Miller’s ability to attract support from a rainbow coalition of elected officials has surprised some of his opponents; his willingness to go into unfamiliar territory is reminiscent of another East Side blue blood who succeeded in municipal politics, the late Mayor John Lindsay.

“It translates into support because Gifford has been an incredibly active Speaker,” says Councilwoman Christine Quinn (D), who stands by Miller’s side at the subway stop.

Still, Miller has his critics, who say the Council has been too much of a rubber stamp during Miller’s tenure as Speaker, which has coincided with Bloomberg’s four years in City Hall.

“I don’t think the City Council under Gifford Miller has been the kind of legislative body that it could be,” says Norman Siegel, a veteran civil liberties lawyer who is running for Public Advocate, the No. 2 job in city government.

Miller replies that the city has improved over the past four years and that he and his Council colleagues deserve much of the credit. But he concedes that things could be better. He looks a woman at the subway station in the eye and tells her: “If I could have your support, I know I can do better for the city.”

It Happened in Brooklyn

In a steamy church basement that looks like it was last painted during the Lindsay administration, the multiracial 48th Assembly District Democratic Club in Flatbush is hosting a free-form Thursday evening forum for candidates up and down the primary ballot. For New York political junkies, it’s a glorious smorgasbord, full of tangy rhetoric — like “the Surrogate’s Court has become a patronage mill!”

Weiner sends a stand-in, a young blonde who identifies herself only as Sarah.

“Anthony Weiner knows New York and he knows our lives,” she says.

Fields also sends a substitute — a top aide named Rock Hackshaw.
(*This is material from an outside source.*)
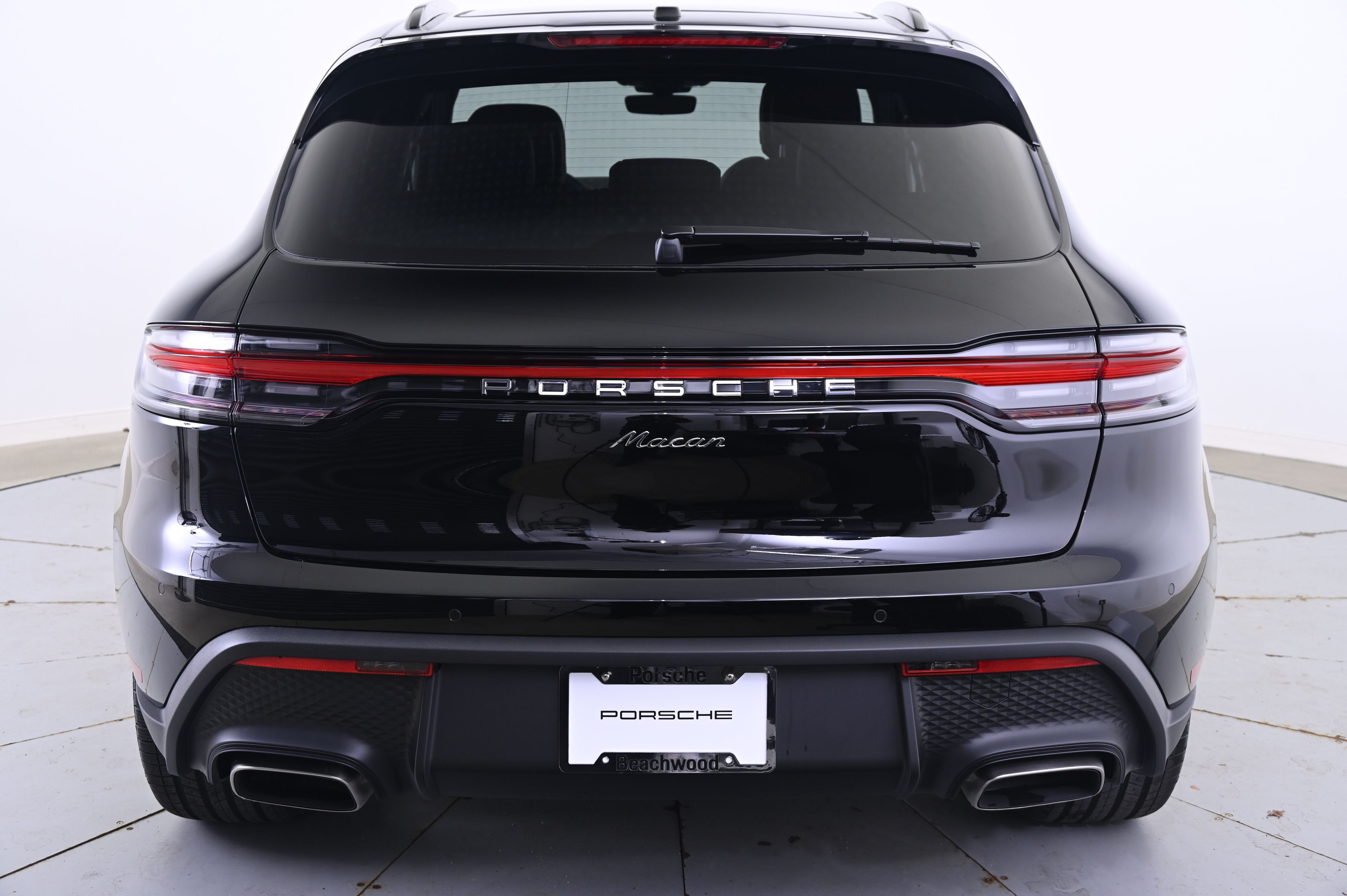Thumbnail: 2026 Porsche Macan - 6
Dressed in a black suit, black T-shirt and dark shades, Hackshaw talks about the city’s first mayor, Peter Minuet, who took office in 1626. The audience looks puzzled.
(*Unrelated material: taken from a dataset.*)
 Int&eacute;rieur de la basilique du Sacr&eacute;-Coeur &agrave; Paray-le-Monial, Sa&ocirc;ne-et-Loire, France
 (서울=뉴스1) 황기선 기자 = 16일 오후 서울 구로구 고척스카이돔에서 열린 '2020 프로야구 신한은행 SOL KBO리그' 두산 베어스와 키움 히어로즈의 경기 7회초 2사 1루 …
“One hundred eight mayors, and not one of them has been a woman,” he says, solving the mystery. “Someone must have spread the rumor that a woman can’t do this job. Well, we think we have found a woman who can do the job.”

The club is unsure whether Miller will show up; ultimately, he doesn’t. So the star attraction is Freddy Ferrer.
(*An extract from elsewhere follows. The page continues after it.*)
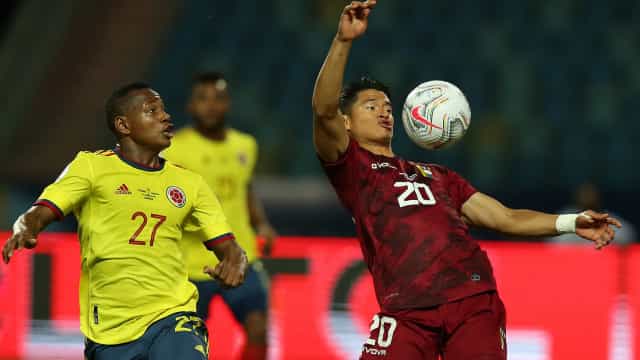 Com brilho de goleiro, Venezuela segura Colômbia pela Copa América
“You all know me,” he begins.

And that, according to some political observers, may be part of Ferrer’s problem.

But for the Sept. 11, 2001, terrorist attacks, and some racist fliers spread around by supporters of his white opponent in the Democratic runoff four years ago, Ferrer might be mayor today. Black and Latino voters, pre-9/11, were furious with Giuliani, the outgoing mayor, and Ferrer seemed poised to lead a minority takeover of City Hall.

Ferrer is not bitter. He retains many of the appealing, regular-guy qualities that took him so far in city politics to begin with. But as a candidate, he is different than he seemed four years ago — diminished somehow.

“What was a movement in 2001 has become a candidacy; what was a coalition, a mere campaign,” Wayne Barrett, the senior editor of the Village Voice, wrote last week.

During his speech to the political club, Ferrer seems to hit all the requisite populist themes.

“We all understand hard work,” he says. “Mike Bloomberg understands something different. Mike understands big business. I don’t think he understands people who are getting squeezed out of their neighborhoods or are struggling to afford a place to live.”

When he is finished, the crowd applauds politely. When he asks for questions, there is an embarrassing silence. Finally, the tension dissipates when a man with a West Indian lilt rises and addresses Ferrer as “Mr. Mayor.”

The candidate’s mood brightens: “From your mouth to you-know-who’s ears,” he says.